Not certain I understand correctly, but I think I do. I think that if we want to calculate the total annual capacity payment earnings of an EGU, we should in each repr hour multiply its available capacity by the capacity shadow price in its capacity requirement region, then sum that across all hours. If we want annual capacity earnings for a group of resources, we sum up across all those resources. Does that answer your question?

Ethan-Russell commented 1 year ago

I'm good with all of the above. Just to make sure we're on the same page for the final comment you made regarding the total annual capacity payment earnings of an EGU, I've added a clarifying phrase in bold to your statement, quoted. Let me know if you agree with it:

we should in each repr hour multiply its available capacity by the capacity shadow price in its capacity requirement region for that representative hour, then sum that across all hours. If we want annual capacity earnings for a group of resources, we sum up across all those resources

@DanShawhan does that make sense? I think I see how to implement what we have discussed above, but I wanted to make sure this is what you want before I go too deeply into it. I can also wait if you and Mrunal need to have more conversations about the reserve req representation that other modelers use.

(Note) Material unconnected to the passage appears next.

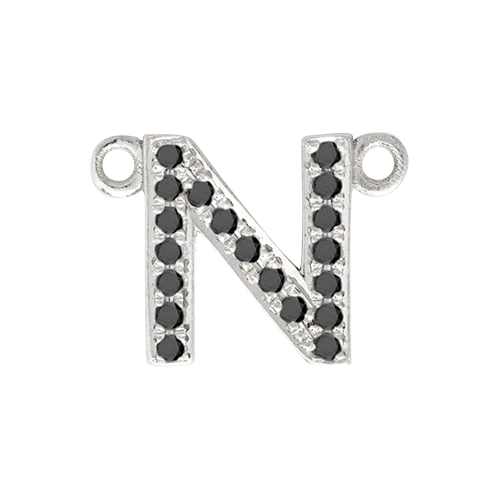 Black Diamond + 14k White Gold Letter Charm - Image 15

DanShawhan commented 1 year ago

I agree with that addition.

Ethan-Russell commented 1 year ago

We will go forward with the hourly capacity reserve requirements outlined above

Ethan-Russell commented 1 year ago

For storage, see this website for more information

image

@DanShawhan right now, our buildable storage has a maximum pcap to build of 1000 MW. Do you think I should go ahead and use the credit curve for < 1000 MW for all our storage units?

Ethan-Russell commented 1 year ago

@DanShawhan 2 more questions:

  1. Do you think it would be better for the right hand side of the reserve margin constraint to be in terms of the nominal load, or the served load? They should both be fairly easy to implement. If you think the served load, does that include power served to storage units?
  2. Is it more helpful to specify the reserve requirement in terms of a percent of the served/nominal load, or as a constant MW power value?